The multiphase flow corrosion loop was built using UNS S31603 austenitic-stainless steel tubes, with a nominal diameter of 38.10 mm for a working pressure of up to 10 bar and temperature of up to 40 ℃. The construction was designed in order to make it possible to carry out simultaneous tests in the horizontal (0°) and in the 45° inclination direction [13]. API 5L X80 steel was used for the preparation of the corrosion-loop test specimens which were made with the diameter dimensions of 15.90 mm by 9.5 mm in height. These specimens were fixing in the test section according to Figure 1 [13] which shows more details of multiphase flow and the pumping processes to which the mixture of water and oil (liquid phase) was subjected for thirty hours of testing.

The liquid phase for the test was composed of light oil (LO - 10 cP) or heavy oil (HO - 150 cP) and a saline solution containing 15% of NaCl. Water cut of 80% (WC 80) of the NaCl solution and 20% of LO or HO under a CO2 partial pressure of 2.0 bar was used. The procedure of the O2 removal from the liquid and gaseous phases is necessary to guarantee an environment with no oxygen (< 10 ppb) and to promote the tests under the action of CO2 gas.

Emulsification tests

Tests were conducted with the light oil and the heavy oil used in the multiphase-flow test plus a medium crude oil, all of them with a water cut of 80% at 40 ℃ for thirty hours, under stirring, with a CO2 pressure of 2.0 bar. For stirring the mixture, an impeller with a rotation of 1200 rpm was used. The adopted stirring represents the mean values of the rotation of the electric motor of the centrifugal pump used in the multiphase-flow corrosion loop [14,15].

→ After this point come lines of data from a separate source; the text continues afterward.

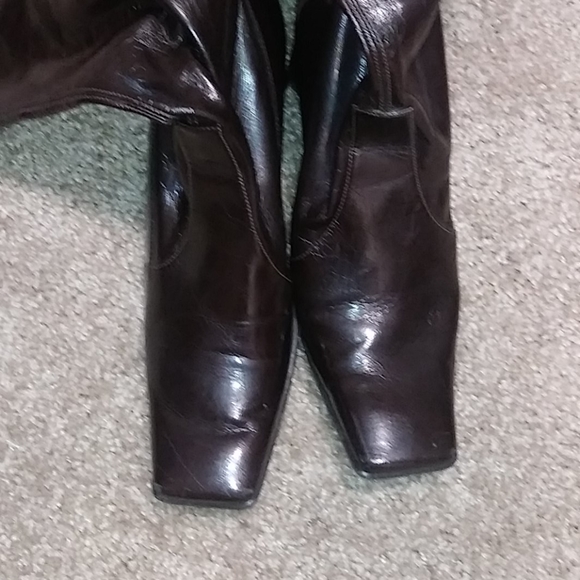 Good Condition Chocolate Brown Boots Size 8.5 - Picture 4 of 4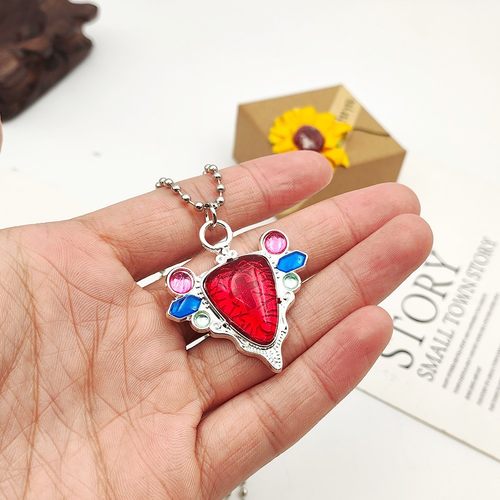 动漫周边 JOJO的奇妙冒险 艾哲红石项链 乔瑟夫cosplay配饰吊坠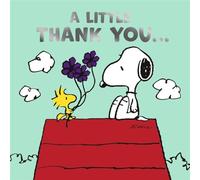 "Cartoline Hallmark Peanuts Snoopy Grazie Un piccolo ringraziamento...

Figure 2 shows the emulsion test cell (2) which holds up to 3 bar pressures. As can be seen, the cell is provided by gas inlets and outlets (3) to perform conditions similar to those observed in the loop with constant test gas pressure. The system pressure was checked by a manometer (1) and a rotor with magnetic coupling (4) was coupled in order to transmit 1200 rpm to the impeller mounted inside the pressure vessel which was manufactured from a borosilicate tube with Teflon flanges at both ends (2). For guaranteeing the efficiency of O2 removal, an optical sensor (5) model Mettler Toledo In Pro6970i was used. A maximum limit of the oxygen of 10 ppb was adopted. A thermostat with an internal bath was used to maintain the test temperature at 40 ℃ for thirty hours.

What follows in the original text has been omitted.